A simplified proof of the relation between scaling exponents in first-passage percolation

Michael Damron, Princeton University

In first passage percolation, we place i.i.d. non-negative weights on the nearestneighbor edges of Z^d and study the induced random metric. A long-standing conjecture gives a relation between two "scaling exponents": one describes the variance of the distance between two points and the other describes the transversal fluctuations of optimizing paths between the same points. This is sometimes called the "KPZ relation." In a recent breakthrough work, Sourav Chatterjee proved this conjecture using a strong definition of the exponents. I will discuss work I just completed with Tuca Auffinger, in which we introduce a new and intuitive idea that replaces Chatterjee's main argument and gives an alternative proof of the relation.

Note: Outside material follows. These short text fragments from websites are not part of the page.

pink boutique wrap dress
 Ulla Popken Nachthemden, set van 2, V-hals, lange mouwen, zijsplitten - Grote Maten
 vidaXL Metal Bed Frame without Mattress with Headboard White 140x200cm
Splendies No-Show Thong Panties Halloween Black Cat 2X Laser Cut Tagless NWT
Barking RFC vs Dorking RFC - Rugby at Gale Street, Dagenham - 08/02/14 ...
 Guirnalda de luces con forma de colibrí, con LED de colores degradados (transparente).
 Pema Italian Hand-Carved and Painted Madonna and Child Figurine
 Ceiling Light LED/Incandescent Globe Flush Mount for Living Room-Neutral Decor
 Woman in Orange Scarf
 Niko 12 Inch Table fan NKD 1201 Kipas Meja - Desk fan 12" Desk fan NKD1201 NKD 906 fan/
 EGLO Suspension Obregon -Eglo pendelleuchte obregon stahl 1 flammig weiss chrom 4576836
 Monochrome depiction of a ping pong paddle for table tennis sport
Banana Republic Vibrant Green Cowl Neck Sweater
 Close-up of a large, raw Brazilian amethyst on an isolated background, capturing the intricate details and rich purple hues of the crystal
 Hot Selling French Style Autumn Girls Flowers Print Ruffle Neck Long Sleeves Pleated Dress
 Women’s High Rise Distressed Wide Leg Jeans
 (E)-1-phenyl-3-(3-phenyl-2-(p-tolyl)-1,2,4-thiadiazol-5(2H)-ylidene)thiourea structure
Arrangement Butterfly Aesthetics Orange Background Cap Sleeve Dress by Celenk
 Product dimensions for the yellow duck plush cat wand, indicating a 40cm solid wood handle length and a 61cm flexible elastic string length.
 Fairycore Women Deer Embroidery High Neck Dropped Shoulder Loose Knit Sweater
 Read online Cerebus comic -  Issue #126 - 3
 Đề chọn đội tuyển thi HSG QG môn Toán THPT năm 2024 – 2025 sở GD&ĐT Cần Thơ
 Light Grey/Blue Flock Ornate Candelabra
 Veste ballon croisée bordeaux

One advantage of our argument is that it does not require a certain non-trivial technical assumption of Chatterjee on the weight distribution.


November 10, 2011


Shunlong Luo, Chinese Academy of Sciences

November 17, 2011

The Aldous conjecture on a killed branching random walk

Olivier Zindy, Paris 6

We consider a branching random walk on R with an killing barrier at zero: starting from a nonnegative x, particles reproduce and move independently according to a certain point process, but are killed when they touch the negative half-line. In both critical and subcritical cases, the population dies out almost surely. We give the exact tail distribution of the total progeny of the killed branching random walk, which solves an open problem of D. Aldous. This is a joint work with Elie Aïdékon and Yueyun Hu.


November 24, 2011

Strong law of large numbers of a class of super-diffusions

Yan-xia Ren, Peking University

First I will state known results on strong law of large numbers for branching diffusions and super-diffusions. Then I will talk a recent result on strong law of large numbers for super-diffusions. In the recent work with Rong-Li Liu and Renming Song, we prove that, under certain conditions, a strong law of large numbers holds for a class of super-diffusions X corresponding to the evolution equation \partial_t u(t) = Lu(t) + \beta u(t) - \psi (u(t)) on a bounded domain D in R^d , where the branching mechanism \psi (x, \lambda ) = a\lambda ^2 + \int (e-\lambda r - 1 + \lambda r)n(x, dr) satisfies sup_{x \in D} \int (r \wedge r^2 )n(x, dr) < \infty.

December 1, 2011

On the structure of infinite dimensional Gaussian measures

Linan Che, McGill University

•  4:30-5:30pm at: McGill in Burnside Hall, room 920
Gaussian measures are often adopted in the study of integration theory in infinite dimensions due to the absence of Lebesgue measure. The general construction of infinite dimensional Gaussian measures, via “Abstract Wiener Space”(AWS), was first introduced by L. Gross and lately reformulated by D. Stroock. While AWS plays an important role in infinite dimensional integral calculus (for example, it provides a rigorous foundation for Gaussian free fields), the structure of AWS itself is of mathematical interest. Under the setting of AWS, we studied probabilistic variations of the classical Cauchy functional equation. In this process, we developed various techniques in infinite dimensional analysis which lead naturally to results about the structure of AWS. This is joint work with D. Stroock.